Katherine Heigl has decided that enough is enough and is dropping her $6 million lawsuit against drugstore chain Duane Reade which allegedly used a photo of her in their advertising campaign without her knowledge.
The image used by the company, according to Heigl, was obtained by the paparazzi one day, but without her knowledge, let alone consent. And, seeing as celebs like Katherine Heigl are used to being paid handsomely for pictures of themselves, Heigl was understandably pissed.
In the lawsuit, Heigl claimed that Duane Reade used an image of her to make money and thereby violated the false advertising provision of the Lanham Act. On top of that, using the picture without consent breaches numerous New York civil rights statutes.

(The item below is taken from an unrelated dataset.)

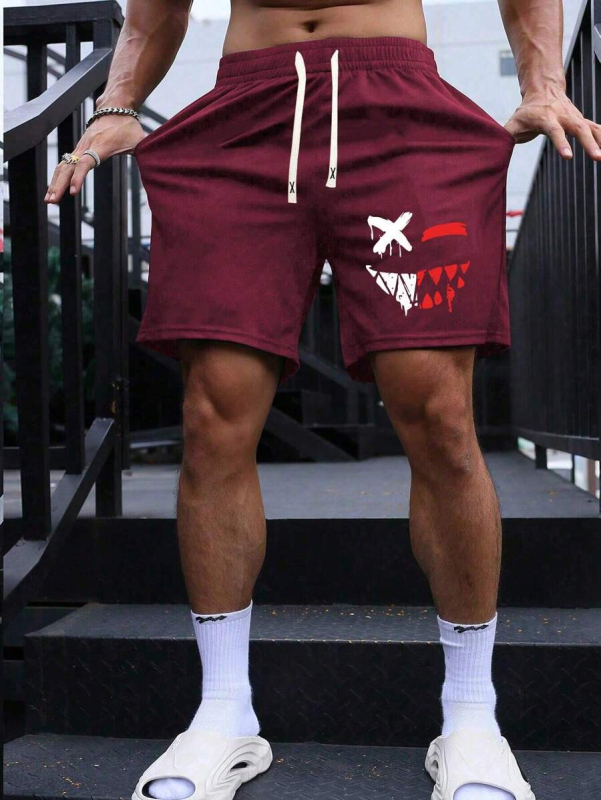 Ανδρικά σορτς παραλίας - αναπνεύσιμο πλέγμα 140G, 100% πολυεστέρας, 3D εκτύπωση γραφικού με διαβολικό χαμόγελο, στυλ χιπ-χοπ, χαλαρή ίσια γραμμή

Fortunately, instead of dragging the whole thing through a lengthy and doubtless costly court case, Heigl’s legal team came to a mutually acceptable agreement with Duane Reade and the lawsuit was dismissed last Tuesday.
Heigl’s attorneys spoke to reporters about the agreement reached, saying:
“Katherine Heigl and Duane Reade have worked out a mutually beneficial agreement. Ms. Heigl has voluntarily dismissed her lawsuit, and Duane Reade has made a contribution to benefit the Jason Debus Heigl Foundation. The parties have agreed to keep the terms of the agreement confidential.”
The Jason Debus Heigl Foundation was created by Katherine Heigl in memory of her brother, who was killed in a car accident in 1986. The charity itself provided welfare for sick and abandoned animals.
According to the terms of the agreement reached, which have not been fully disclosed, the lawsuit was dismissed without prejudice, meaning that Katherine Heigl can’t go back and sue the drugstore chain retrospectively at a later date.
The whole incident has thrown up other cases where celebrities are photographed without their knowledge and their images used to make money for companies, while never kicking back revenues to the celeb.
Hopefully, following the suit between Heigl and Duane Reade, large chains will think twice before using images of celebrities without their permission.